A big fishing area at one time, European settlers recognized its alluring beaches, but also began utilizing them as a dumping ground for all kinds of waste.
“You have to work within the watershed, the sewershed, also federal, state, municipal entities,” Orff said of that project. She conferred with ecologists and environmentalists and eventually got everyone, including the government agencies, on the same page. The Army Corps of Engineers did a dredge project.
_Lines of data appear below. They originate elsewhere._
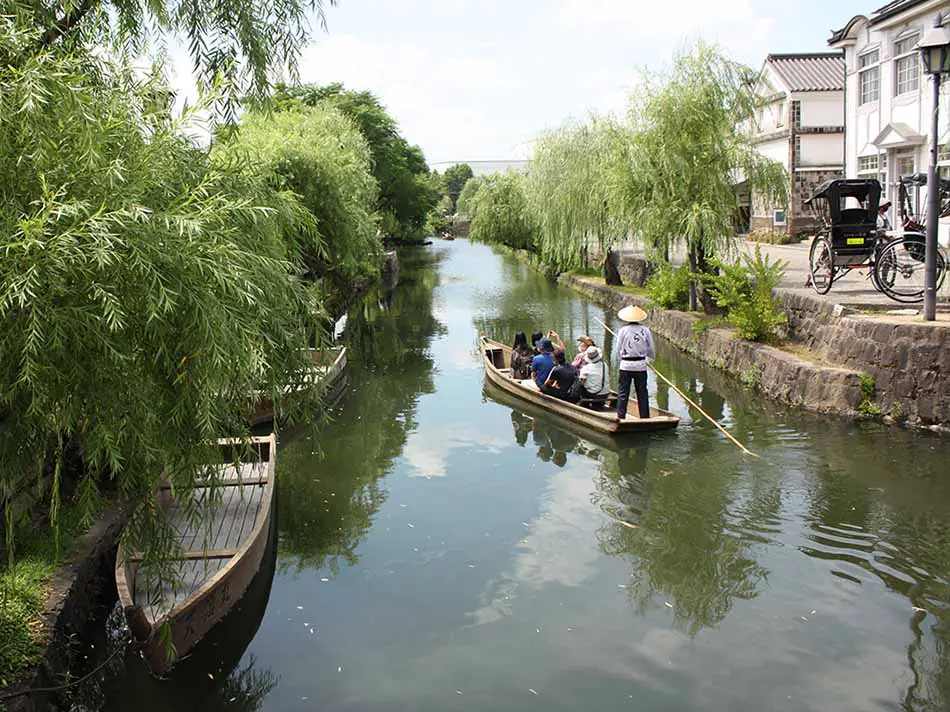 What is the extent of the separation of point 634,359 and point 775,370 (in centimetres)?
301

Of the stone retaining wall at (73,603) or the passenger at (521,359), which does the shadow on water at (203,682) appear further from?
the passenger at (521,359)

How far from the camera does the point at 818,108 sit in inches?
1356

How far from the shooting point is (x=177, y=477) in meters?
5.44

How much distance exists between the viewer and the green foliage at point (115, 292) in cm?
434

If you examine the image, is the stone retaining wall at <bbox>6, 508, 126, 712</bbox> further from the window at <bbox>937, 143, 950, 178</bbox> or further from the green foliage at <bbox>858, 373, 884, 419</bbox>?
the window at <bbox>937, 143, 950, 178</bbox>

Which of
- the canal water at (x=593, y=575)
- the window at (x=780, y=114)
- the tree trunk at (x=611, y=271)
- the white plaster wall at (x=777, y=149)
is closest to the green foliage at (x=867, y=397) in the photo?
the canal water at (x=593, y=575)

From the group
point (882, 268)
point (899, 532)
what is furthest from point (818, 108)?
point (899, 532)

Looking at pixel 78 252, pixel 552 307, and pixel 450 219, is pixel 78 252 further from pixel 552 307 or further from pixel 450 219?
pixel 450 219

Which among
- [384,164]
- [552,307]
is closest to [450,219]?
[384,164]

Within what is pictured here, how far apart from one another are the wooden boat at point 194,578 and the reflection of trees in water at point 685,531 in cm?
289

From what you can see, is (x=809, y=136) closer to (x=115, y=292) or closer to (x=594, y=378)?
(x=594, y=378)

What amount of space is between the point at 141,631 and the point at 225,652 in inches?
40.7

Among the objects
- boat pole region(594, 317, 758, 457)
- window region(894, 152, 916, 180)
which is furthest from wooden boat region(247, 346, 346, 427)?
→ window region(894, 152, 916, 180)

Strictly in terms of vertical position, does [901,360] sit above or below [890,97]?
below
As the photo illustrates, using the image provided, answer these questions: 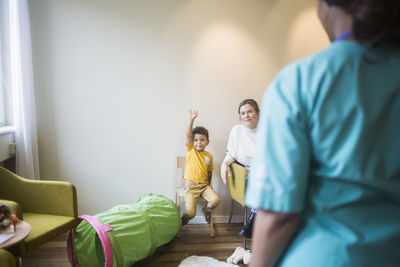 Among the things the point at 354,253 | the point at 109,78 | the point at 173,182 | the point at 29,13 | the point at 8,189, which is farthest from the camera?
the point at 173,182

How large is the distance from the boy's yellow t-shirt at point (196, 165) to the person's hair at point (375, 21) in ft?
8.26

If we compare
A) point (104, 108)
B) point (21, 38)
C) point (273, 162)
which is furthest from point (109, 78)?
point (273, 162)

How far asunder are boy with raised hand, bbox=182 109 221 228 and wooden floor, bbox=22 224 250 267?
0.64 feet

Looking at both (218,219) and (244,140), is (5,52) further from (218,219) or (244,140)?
(218,219)

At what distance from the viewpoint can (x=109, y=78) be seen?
300cm

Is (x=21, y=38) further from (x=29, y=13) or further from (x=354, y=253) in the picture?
(x=354, y=253)

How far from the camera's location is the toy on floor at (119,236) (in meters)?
2.04

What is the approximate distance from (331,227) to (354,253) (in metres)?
0.06

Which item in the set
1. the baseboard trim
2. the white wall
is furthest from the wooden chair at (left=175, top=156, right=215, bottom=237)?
the baseboard trim

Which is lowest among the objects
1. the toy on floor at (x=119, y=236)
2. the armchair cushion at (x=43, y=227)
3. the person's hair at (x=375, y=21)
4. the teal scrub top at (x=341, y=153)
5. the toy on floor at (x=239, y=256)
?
the toy on floor at (x=239, y=256)

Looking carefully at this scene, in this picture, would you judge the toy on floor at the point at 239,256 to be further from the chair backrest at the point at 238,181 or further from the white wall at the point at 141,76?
the white wall at the point at 141,76

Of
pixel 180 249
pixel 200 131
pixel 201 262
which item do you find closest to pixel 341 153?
pixel 201 262

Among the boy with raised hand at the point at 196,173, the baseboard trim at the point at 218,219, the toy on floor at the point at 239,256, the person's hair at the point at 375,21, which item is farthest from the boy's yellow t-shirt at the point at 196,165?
the person's hair at the point at 375,21

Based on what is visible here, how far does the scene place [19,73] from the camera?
2.51 meters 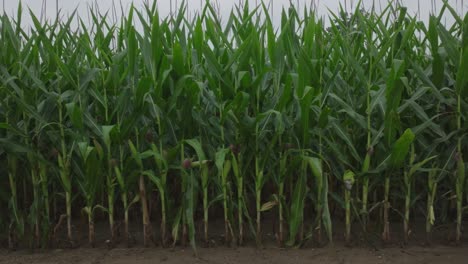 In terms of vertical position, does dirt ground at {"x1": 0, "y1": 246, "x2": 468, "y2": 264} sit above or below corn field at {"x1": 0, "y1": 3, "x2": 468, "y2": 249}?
below

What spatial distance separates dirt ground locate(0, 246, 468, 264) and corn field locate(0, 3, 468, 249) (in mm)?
88

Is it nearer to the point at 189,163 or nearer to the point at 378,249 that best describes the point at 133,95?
the point at 189,163

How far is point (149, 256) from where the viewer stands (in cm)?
288

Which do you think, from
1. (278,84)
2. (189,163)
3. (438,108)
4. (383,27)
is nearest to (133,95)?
(189,163)

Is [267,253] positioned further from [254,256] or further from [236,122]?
[236,122]

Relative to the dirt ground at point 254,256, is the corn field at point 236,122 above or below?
above

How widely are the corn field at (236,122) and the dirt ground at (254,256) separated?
3.5 inches

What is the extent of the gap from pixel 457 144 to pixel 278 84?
1.00 meters

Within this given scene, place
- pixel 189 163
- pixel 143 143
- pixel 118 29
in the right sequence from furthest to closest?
pixel 118 29 → pixel 143 143 → pixel 189 163

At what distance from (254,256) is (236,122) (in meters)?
0.68

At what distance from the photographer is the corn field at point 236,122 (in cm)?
282

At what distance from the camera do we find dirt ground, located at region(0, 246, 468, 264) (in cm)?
278

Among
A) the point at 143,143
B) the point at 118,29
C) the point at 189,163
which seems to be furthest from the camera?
the point at 118,29

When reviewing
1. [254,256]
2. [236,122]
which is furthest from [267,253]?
[236,122]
A local group with young people planted grasses.
“I wrote about all of this and hit the reset for what I wanted to do,” she said. “How do you build regenerative landscapes?” In 2005, she started SCAPE.
Her Oyster-Tecture concept, envisioning a regenerative cycle and imagining an off-shore reef that cleaned the water for the Gowanus Canal, was submitted to the E.P.A. when the canal was designated a Superfund site in 2010.
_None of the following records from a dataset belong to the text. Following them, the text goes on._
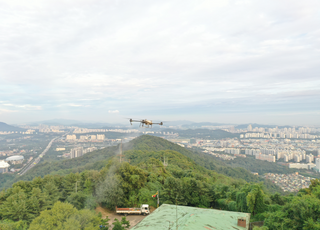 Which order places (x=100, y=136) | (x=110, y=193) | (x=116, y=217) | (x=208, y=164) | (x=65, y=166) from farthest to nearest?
(x=100, y=136) → (x=208, y=164) → (x=65, y=166) → (x=110, y=193) → (x=116, y=217)

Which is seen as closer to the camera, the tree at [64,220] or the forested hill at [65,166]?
the tree at [64,220]

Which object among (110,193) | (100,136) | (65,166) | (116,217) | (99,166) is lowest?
(65,166)

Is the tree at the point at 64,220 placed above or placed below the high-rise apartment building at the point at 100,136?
above

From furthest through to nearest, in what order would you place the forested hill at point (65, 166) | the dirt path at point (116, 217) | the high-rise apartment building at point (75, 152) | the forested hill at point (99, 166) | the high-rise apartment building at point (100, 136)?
the high-rise apartment building at point (100, 136)
the high-rise apartment building at point (75, 152)
the forested hill at point (65, 166)
the forested hill at point (99, 166)
the dirt path at point (116, 217)

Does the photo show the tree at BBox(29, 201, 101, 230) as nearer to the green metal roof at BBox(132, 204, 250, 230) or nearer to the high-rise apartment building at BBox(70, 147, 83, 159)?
the green metal roof at BBox(132, 204, 250, 230)

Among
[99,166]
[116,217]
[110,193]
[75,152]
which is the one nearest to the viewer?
[116,217]

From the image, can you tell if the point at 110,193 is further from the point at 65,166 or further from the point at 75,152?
the point at 75,152

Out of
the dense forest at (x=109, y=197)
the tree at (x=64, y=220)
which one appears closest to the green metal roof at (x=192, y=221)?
the dense forest at (x=109, y=197)

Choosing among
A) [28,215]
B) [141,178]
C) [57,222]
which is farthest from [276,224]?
[28,215]

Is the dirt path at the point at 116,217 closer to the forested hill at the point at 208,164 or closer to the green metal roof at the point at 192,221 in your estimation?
the green metal roof at the point at 192,221

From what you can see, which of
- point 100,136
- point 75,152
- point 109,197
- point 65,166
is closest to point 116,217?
point 109,197

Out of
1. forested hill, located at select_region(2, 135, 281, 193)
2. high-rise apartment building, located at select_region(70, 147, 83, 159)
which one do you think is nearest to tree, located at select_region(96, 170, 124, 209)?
forested hill, located at select_region(2, 135, 281, 193)

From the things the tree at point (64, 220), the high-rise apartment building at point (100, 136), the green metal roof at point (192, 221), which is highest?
the green metal roof at point (192, 221) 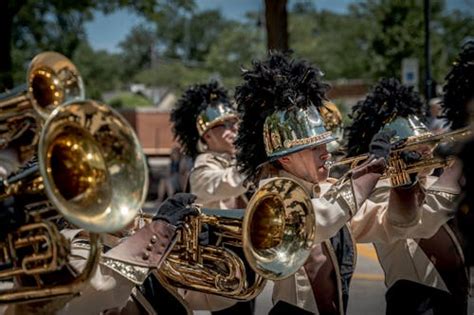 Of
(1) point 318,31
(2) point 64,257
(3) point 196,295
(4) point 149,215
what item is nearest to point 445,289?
(3) point 196,295

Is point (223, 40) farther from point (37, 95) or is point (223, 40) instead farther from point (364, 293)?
point (37, 95)

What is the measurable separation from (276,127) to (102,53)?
6677cm

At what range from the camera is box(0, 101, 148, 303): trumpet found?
238cm

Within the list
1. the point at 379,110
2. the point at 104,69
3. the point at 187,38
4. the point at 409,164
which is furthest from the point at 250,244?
the point at 187,38

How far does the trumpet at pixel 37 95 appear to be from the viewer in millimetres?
2520

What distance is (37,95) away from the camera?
2613 millimetres

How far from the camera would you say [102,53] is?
68.6 m

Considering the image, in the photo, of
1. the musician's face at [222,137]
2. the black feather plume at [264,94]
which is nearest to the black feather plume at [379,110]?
the black feather plume at [264,94]

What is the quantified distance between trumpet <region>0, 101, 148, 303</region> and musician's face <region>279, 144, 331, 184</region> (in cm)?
104

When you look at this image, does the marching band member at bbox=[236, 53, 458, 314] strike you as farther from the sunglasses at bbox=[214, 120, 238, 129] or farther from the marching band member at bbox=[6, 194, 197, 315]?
the sunglasses at bbox=[214, 120, 238, 129]

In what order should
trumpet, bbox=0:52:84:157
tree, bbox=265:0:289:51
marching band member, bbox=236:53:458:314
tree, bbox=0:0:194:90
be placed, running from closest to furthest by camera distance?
trumpet, bbox=0:52:84:157 → marching band member, bbox=236:53:458:314 → tree, bbox=265:0:289:51 → tree, bbox=0:0:194:90

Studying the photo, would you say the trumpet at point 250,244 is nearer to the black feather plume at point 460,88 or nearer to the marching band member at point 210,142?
the marching band member at point 210,142

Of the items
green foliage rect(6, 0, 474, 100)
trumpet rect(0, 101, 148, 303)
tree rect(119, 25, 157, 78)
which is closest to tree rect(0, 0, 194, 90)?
green foliage rect(6, 0, 474, 100)

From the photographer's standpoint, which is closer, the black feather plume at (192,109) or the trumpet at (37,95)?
the trumpet at (37,95) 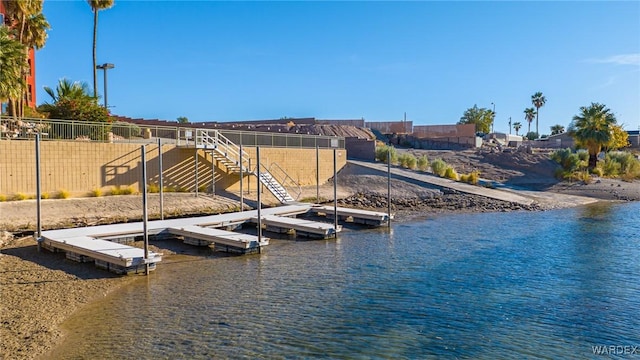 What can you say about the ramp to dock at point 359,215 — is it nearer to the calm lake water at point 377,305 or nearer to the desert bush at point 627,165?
the calm lake water at point 377,305

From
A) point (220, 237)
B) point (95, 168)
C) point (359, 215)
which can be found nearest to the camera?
point (220, 237)

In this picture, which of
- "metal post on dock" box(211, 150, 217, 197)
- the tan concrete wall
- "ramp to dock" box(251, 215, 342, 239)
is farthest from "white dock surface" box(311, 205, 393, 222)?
the tan concrete wall

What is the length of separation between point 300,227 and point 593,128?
3512cm

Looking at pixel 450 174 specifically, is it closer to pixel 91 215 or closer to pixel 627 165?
pixel 627 165

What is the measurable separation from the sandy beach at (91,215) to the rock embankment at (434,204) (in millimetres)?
56

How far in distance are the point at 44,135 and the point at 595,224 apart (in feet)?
81.6

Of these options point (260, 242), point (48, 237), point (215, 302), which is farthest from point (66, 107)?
point (215, 302)

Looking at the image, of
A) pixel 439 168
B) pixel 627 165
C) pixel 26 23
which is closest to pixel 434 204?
pixel 439 168

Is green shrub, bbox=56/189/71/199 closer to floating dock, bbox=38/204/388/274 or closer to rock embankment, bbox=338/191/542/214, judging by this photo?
floating dock, bbox=38/204/388/274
The Army Corps of Engineers asked for a meeting.
After Superstorm Sandy hit, she was tapped to work on Lower Manhattan’s Coastal Resiliency Project to scale it down for neighborhoods.
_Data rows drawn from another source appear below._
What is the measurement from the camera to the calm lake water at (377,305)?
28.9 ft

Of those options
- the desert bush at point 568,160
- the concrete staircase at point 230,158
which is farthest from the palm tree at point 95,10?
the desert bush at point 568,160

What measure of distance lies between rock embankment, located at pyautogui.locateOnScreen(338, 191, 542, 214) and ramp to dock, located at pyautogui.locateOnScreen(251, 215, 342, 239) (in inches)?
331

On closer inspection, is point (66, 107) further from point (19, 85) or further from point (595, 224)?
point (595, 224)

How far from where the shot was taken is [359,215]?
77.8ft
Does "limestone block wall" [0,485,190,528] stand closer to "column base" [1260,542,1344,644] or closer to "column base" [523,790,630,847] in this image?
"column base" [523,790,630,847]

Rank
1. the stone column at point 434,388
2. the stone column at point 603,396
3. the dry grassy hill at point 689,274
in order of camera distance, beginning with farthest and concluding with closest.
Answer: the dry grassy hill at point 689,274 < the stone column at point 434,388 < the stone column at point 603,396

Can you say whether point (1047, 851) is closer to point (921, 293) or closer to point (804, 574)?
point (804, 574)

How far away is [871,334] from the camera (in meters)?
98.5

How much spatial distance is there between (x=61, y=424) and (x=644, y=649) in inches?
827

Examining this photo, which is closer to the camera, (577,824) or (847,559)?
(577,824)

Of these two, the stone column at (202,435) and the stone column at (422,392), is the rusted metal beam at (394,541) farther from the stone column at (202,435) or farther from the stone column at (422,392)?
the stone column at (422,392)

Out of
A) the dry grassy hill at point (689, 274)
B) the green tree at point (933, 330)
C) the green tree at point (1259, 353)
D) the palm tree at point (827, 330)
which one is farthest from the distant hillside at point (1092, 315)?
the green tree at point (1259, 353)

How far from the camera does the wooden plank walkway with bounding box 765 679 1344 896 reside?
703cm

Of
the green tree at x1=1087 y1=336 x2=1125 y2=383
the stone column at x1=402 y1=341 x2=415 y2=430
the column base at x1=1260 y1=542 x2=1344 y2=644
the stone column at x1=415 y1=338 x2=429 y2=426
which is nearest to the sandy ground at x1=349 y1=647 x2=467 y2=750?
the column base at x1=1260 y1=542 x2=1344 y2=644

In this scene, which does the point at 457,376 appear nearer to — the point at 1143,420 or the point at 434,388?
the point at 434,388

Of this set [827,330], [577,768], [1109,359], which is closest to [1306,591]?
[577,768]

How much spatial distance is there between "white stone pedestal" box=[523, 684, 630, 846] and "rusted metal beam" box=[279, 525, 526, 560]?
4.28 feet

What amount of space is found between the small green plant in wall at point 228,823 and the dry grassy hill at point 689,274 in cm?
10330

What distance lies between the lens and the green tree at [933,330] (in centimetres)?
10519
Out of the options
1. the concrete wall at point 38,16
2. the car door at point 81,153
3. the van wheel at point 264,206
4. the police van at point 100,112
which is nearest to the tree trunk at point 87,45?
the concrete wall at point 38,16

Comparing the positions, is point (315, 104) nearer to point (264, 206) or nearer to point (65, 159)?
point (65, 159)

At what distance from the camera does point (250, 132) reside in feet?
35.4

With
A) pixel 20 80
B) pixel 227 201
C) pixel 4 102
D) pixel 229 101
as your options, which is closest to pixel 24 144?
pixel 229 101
“I know you live in Bellport, the most beautiful place in the world. But the waters are coming, the heat is coming, and having a plan is important,” she emphasized.
Orff spoke about hanging oyster baskets in Sunset Park and their rocky understructure (oysters create rocky substructures), and working with the Nantucket Land Bank to manage a regional coastal stormwater plan. She mentioned the ecologist Rachel Carson and her beautiful book, “The Sea Around Us,” pointing out the ecological interdependency of its inhabitants. Carson would later become famous for sounding the alarm on the effects of pesticides.
When it came to questions, one member of the audience mentioned the breach that helped to rejuvenate the bay after Superstorm Sandy. It was closing.
“How can we maintain its health?” the woman asked.
“There is a choreograph of sand and sediment happening,” Orff said. “What are your landscape goals? You could have a conversation with the Army Corps of Engineers.”
There was a question about lifting shorelines.
You had to be careful with that, Orff commented, mentioning the Gowanus Canal and property behind a particular area where that was utilized had flooded. It could be accomplished, but in gradual declines.
“All of these projects have multiple owners and partners,” she explained. “I found over time, I do not feel we have a government or agency context of understanding these issues and tiptoe around them. Everyone in the Army Corps is the best person, but collectively, they have set goals. [For me] by having something clearly defined, you get your goal.”
Orff was asked if it was difficult to get funding. In Louisiana, one project was funded by BP oil spill money, but funding is also out there via small grants, she said.
Does a municipality engage you when you come up with ideas?
Orff got a candid laugh when she admitted for the first 10 years, that wasn’t the case.
“It’s a mixture,” she said, adding a developer paid for one project.
Schultz commented that the village is looking at building a breakwater and asked Orff to speak on her Living Breakwaters initiative and its advantages.
“Breakwaters are as old as the sea,” she said. “They found one off the coast of Rome. We had to prove the Living Breakwaters function of reducing waves.” (It was subject to a three-dimensional test trial in Canada in 2017 and is being implemented now off the coast of Tottenville. Spat-on-shell oysters are placed on ecologically enhanced concrete units.)
“Oysters are like the biological glue that helps the structure, adds surface roughness, and cleans the water,” she said.
Another question. “We keep rebuilding seawalls. Is there a menu for small municipalities?” Orff responded, “You can get seawall panels.”
Later on, several young FoBB interns and staffers would gather around Orff for a photo. “The thing I’m most excited about,” she said, “are the inquiries from young people and students in high school.”